In den Jahren 2005 bis 2018 wurde das reichste Prozent der Schweizer Steuerpflichtigen kontinuierlich reicher. Ihr Anteil an allen Vermögen wuchs in dieser Phase von 38 auf 44 Prozent. Zu diesem einen Prozent der Reichsten gehörten 2018 schweizweit gut 54’000 Steuerpflichtige, alle mit einem Vermögen von mindestens 4,2 Millionen Franken. Von den gut 2 Billionen Franken Vermögen in der Schweiz besitzen allein diese 54’000 Reichsten also einen Anteil von rund 880 Milliarden Franken. 

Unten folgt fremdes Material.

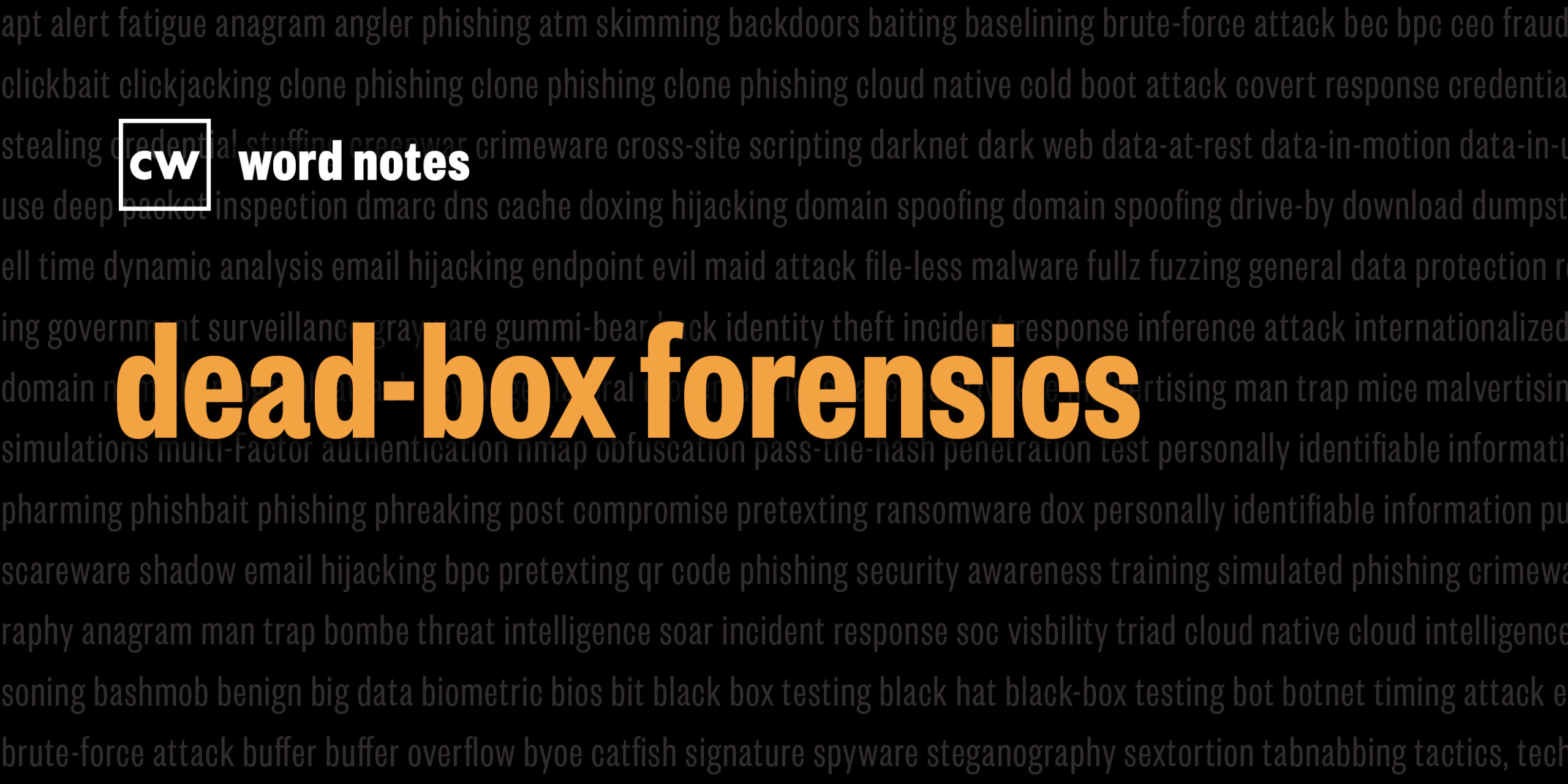 Dead-box forensics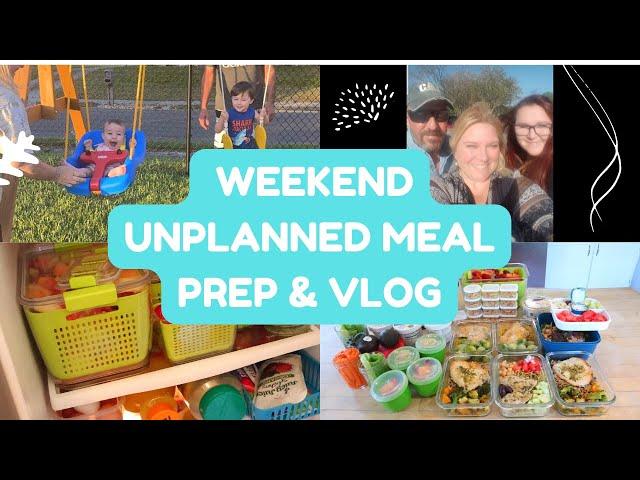 WEEKEND UNPLANNED MEAL PREP | VISITING OUR DAUGHTER | GRANDCHILDREN SLEEPOVER | PLANNING US HEALTHY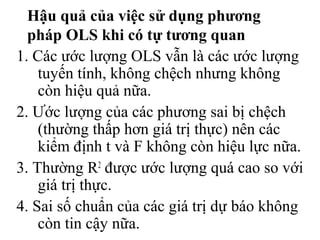 Hậu quả của việc sử dụng phương
pháp OLS khi có tự tương quan
1. Các ước lượng OLS vẫn là các ước lượng
tuyến tính, không chệch nhưng không
còn hiệu quả nữa.
2. Ước lượng của các phương sai bị chệch
(thường thấp hơn giá trị thực) nên các
kiểm định t và F không còn hiệu lực nữa.
3. Thường R2
được ước lượng quá cao so với
giá trị thực.
4. Sai số chuẩn của các giá trị dự báo không
còn tin cậy nữa.
 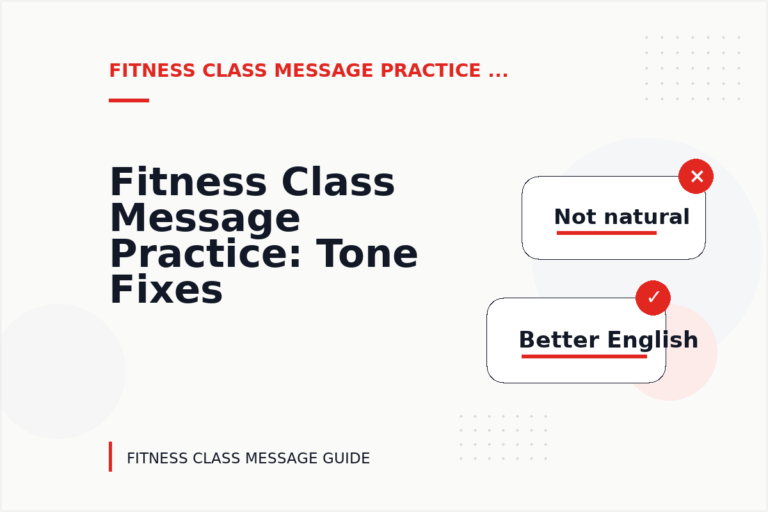 Fitness Class Message Practice: Tone Fixes for Real Situations Fitness Class Message Practice: Tone Fixes for Real Situations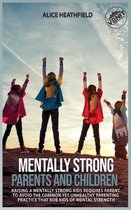 Mentally Strong Parents and Children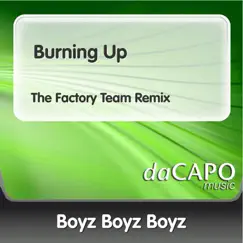 Burning Up (The Factory Team Remix) Song Lyrics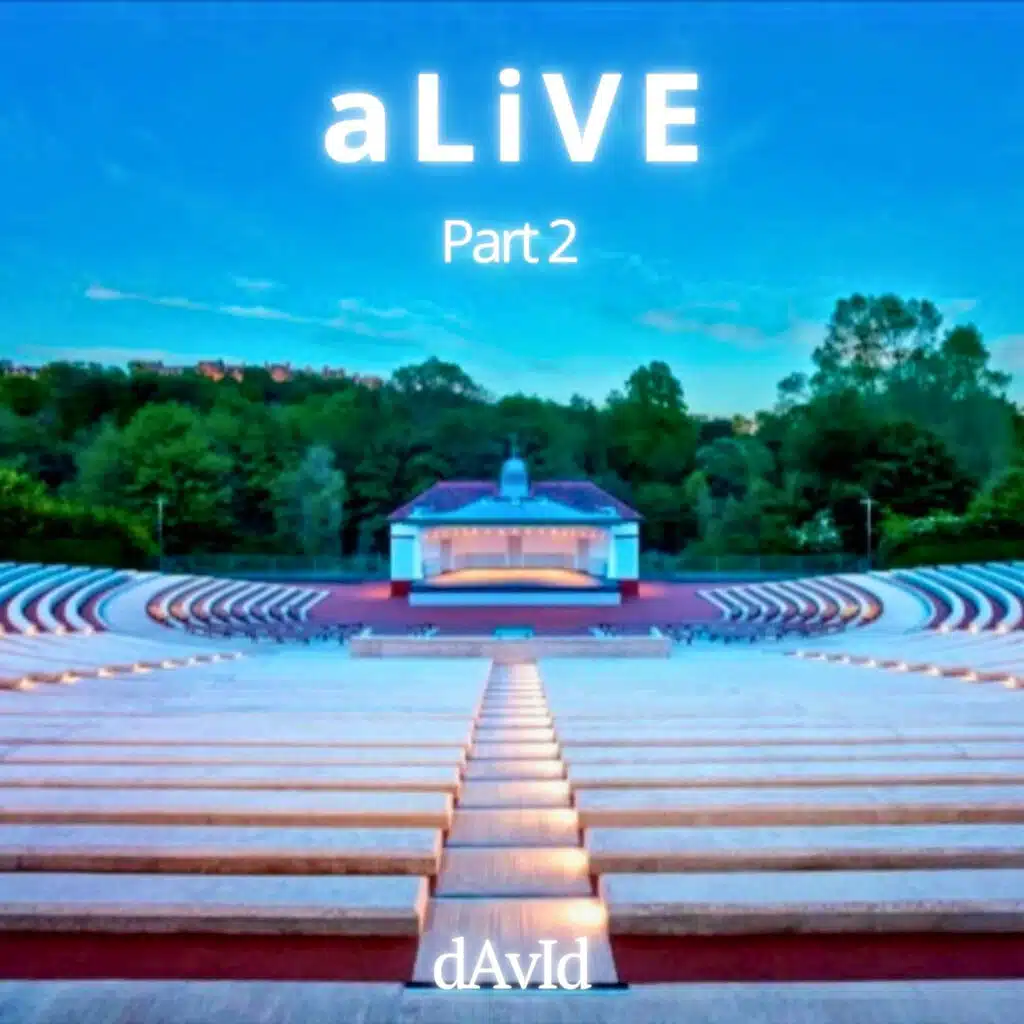 Alive - Part 2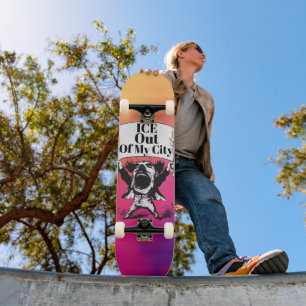 ICE Out of My City Skateboard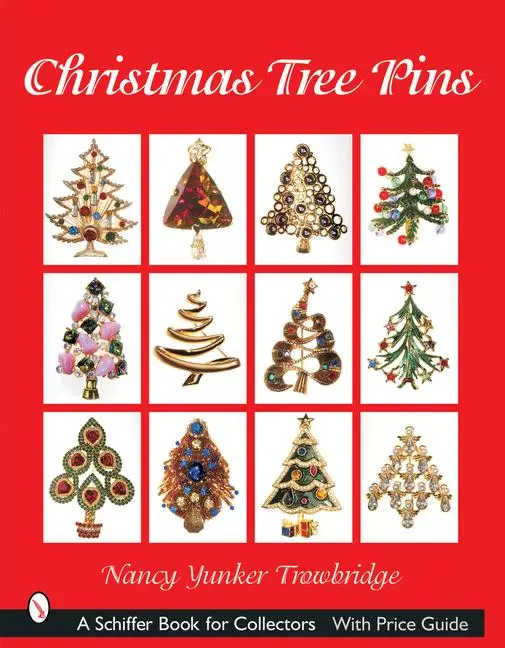 Cover: 9780764316562 | Christmas Tree Pins: O Christmas Tree | Nancy Yunker Trowbridge | Buch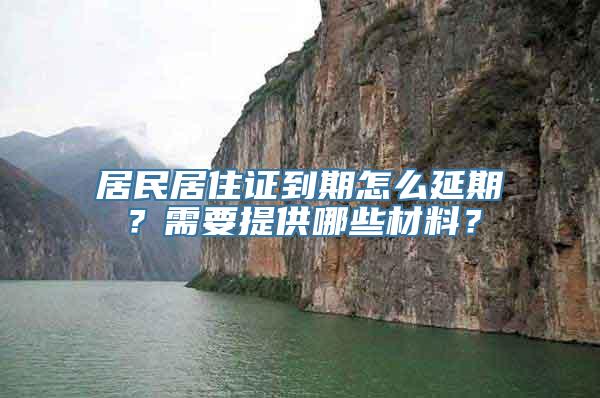 居民居住证到期怎么延期？需要提供哪些材料？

Den grössten Vermögenszuwachs bei den Reichen verzeichneten im vergangenen Jahrzehnt natürlich Tiefsteuerkantone wie Nidwalden, Zug oder Schwyz. Aber auch im Kanton Bern werden die Reichsten immer reicher. Die Kurve gleicht der nationalen, sie liegt einfach um ein paar Prozentpunkte tiefer. Im Jahr 2019 besass das reichste Prozent einen Anteil von 38 Prozent am gesamten steuerbaren Vermögen im Kanton. Auch der Gini-Koeffizient, der die Ungleichheit der Vermögensverteilung bemisst, ist in Bern gestiegen. Wie schief die Verteilung der steuerbaren Vermögen im Kanton Bern aktuell ist, zeigt auch die folgende Grafik.

Vermögensverteilung Kanton ern
(Bild: Robin Hübscher)

Zu den Gründen für den Anstieg der Vermögenskonzentration äussert sich der bundesrätliche Wohlstandsbericht nur spärlich. Ein Teil sei wohl auf die Einwanderung von Reichen zurückzuführen. Doch eine Studie der Ökonomen Marius Brülhart, Matthias Krapf und Kurt Schmidheiny schätzte für den Kanton Luzern, dass die Zuzüger*innen aus dem Ausland nur rund einen Sechstel des Vermögensanstiegs im reichsten Prozent ausmachten. Der Rest ist hausgemacht. Was die präzisen Treiber sind, ist noch unklar. Folgende Faktoren erachten die Ökonomen aber als relevant:

  • Grössere Vermögen generieren im Durchschnitt höhere Kapitalerträge. Während Haushalte mit einem Median-Vermögen eine Durchschnittsrendite von 0,34 Prozent erzielen, liegt dieser Wert beim obersten Vermögensprozent laut den Ökonomen bei 2,25 Prozent. Sofern der Konsum nicht in gleichem Masse ansteigt, wachsen grosse Vermögen quasi «von selber» schneller.
  • Laut internationalen Studien fallen für die reichsten Haushalte die Kapitalgewinne stärker ins Gewicht als die Kapitalerträge. Von steigenden Börsenkursen profitieren die Reichsten. Und da tiefe Zinsen Aktienwerte befeuern, könnte laut den Forschern auch das Tiefzinsumfeld ein Treiber der Vermögenskonzentration sein.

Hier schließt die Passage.